Copied from the stubsack:
The Inside story of Leverage Research
This should be interesting, it's about an organisation in the EA milieu that even other EAs though might be a bit too culty. Don't know who the writer Lydia Laurenson is, but she does come off as a bit of a cult enthusiast herself, and is probably more than a bit rationalist adjacent.
edit: The companion piece about the background of why she wrote it is quite a ride, if only for the biographical tidbits: she is indeed very cult adjacent, she had a spiritual experience and now believes in capital G god, she got engaged to an unnamed far-right writer but they broke up when she got pregnant.
Also the Leverage article was contracted to appear in the New York Magazine but she pulled the story because of uh declining trust in the field of journalism, but then she goes on to imply that the real problem was that the article was shaping up as a bit too pro-Leverage:
I pulled the story once I started feeling like it simply wouldn’t be possible for me to publish a version with NYMag that didn’t carry a subtle hostility towards Leverage, not to mention affiliated communities in Silicon Valley — and, more importantly to me, hostility towards a core spiritual sensibility that I see in both myself and in the people the story describes.
edit edit: Why can't these people ever be normal: Why I Was Part Of The Neoreactionary or Dissident Right Movement In 2020
edit edit edit: Jesus fucking christ she's Curtis Yarvin's baby momma.
edit x 4: Index of the read along posts, part titles are from the original:
It's weird to see the Great Founder Theory laid out so clearly because it's basically explicitly declaring allegiance to what I was starting to call the Great Man Theory of Everything - the belief that rather than being historically contingent and reliant on circumstances as much as any personal characteristics some people are just innately "agentic" in a way that others aren't and the key to success isn't in finding a way to navigate the world but in unlocking this "agentic" quality in yourself.

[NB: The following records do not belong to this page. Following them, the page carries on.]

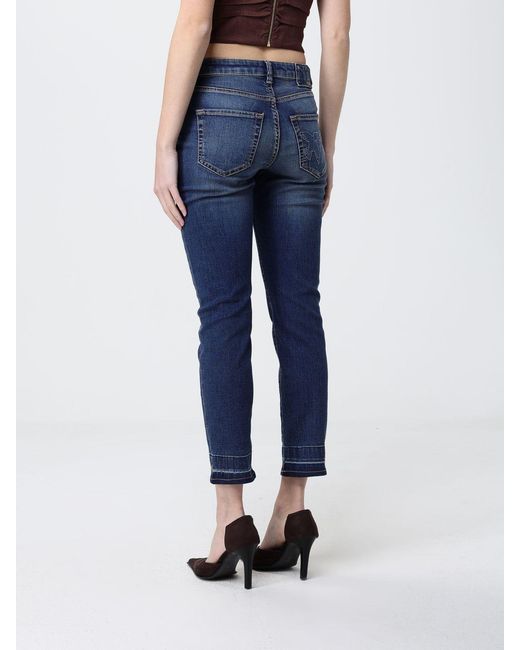 Pinko Blue Cropped Fit Cotton Jeans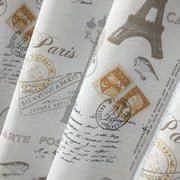 Mainstays Paris Eiffel Tower Geometric Shower Curtain Set with Hooks & Liner– 14-Piece Contemporary Gray Bathroom Decor, 70 x 72, Machine Washable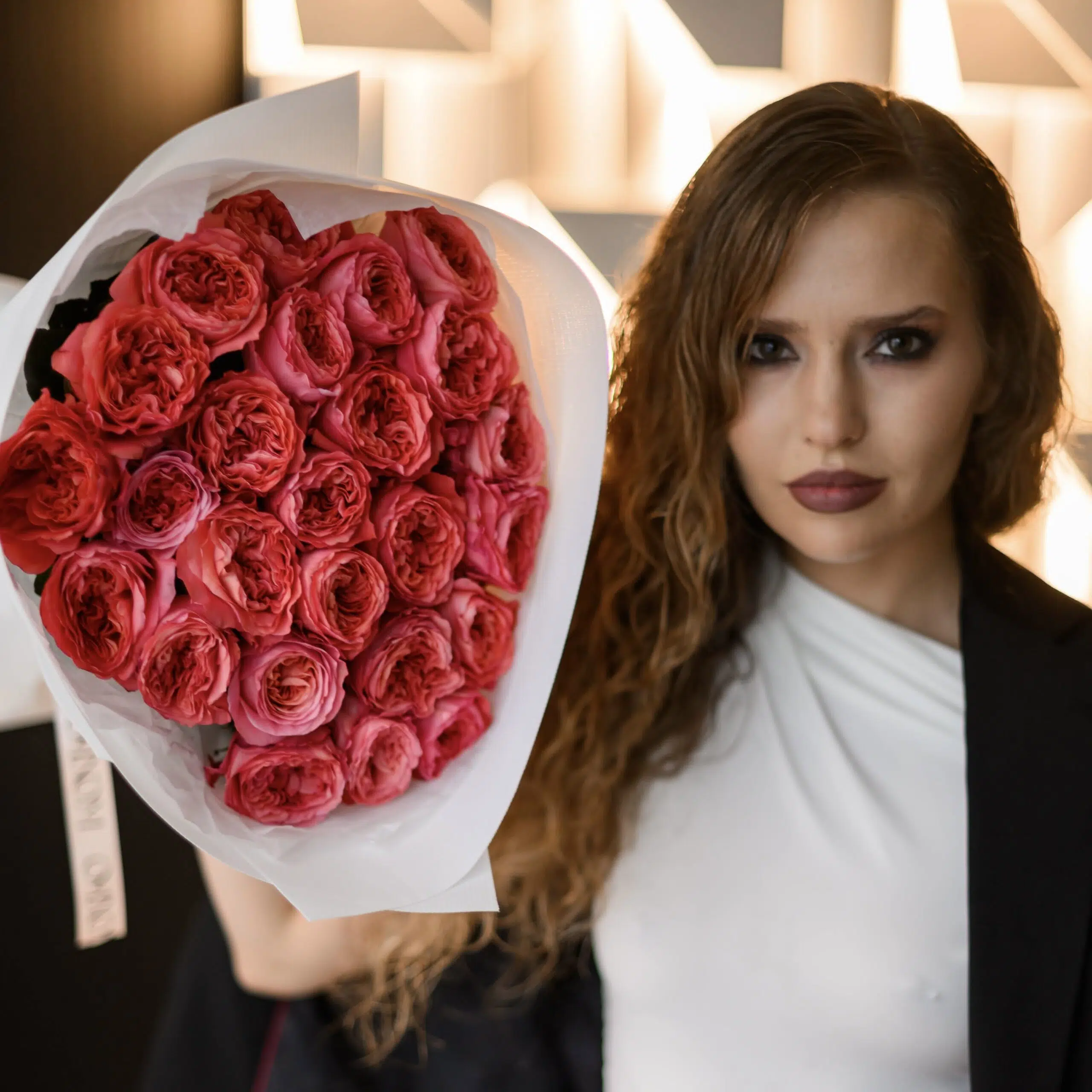 Bukiet z róż piwoniowych Candy Xprassion - obrazek 2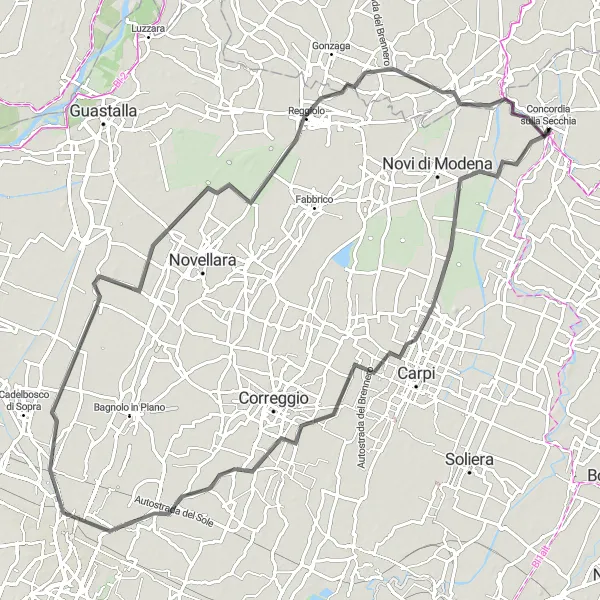 Mapa miniatúra "Cestná cyklotrasa cez Fossoli a Reggiolo" cyklistická inšpirácia v Emilia-Romagna, Italy. Vygenerované cyklistickým plánovačom trás Tarmacs.app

Notably the corollary of doing this (or of being one of those special innately "agentic" people) is that you have the right and duty to impose your will on the malleable clay of the world and people around you. I maintain that this is the rotten kernel at the heart of so many of the batshit weird things that the rats believe and do, and the fact that it simply isn't true is why their broader schemes keep sputtering out or failing, though with enough money and power behind them that they continue to leave a frankly impressive amount of human suffering in their wake.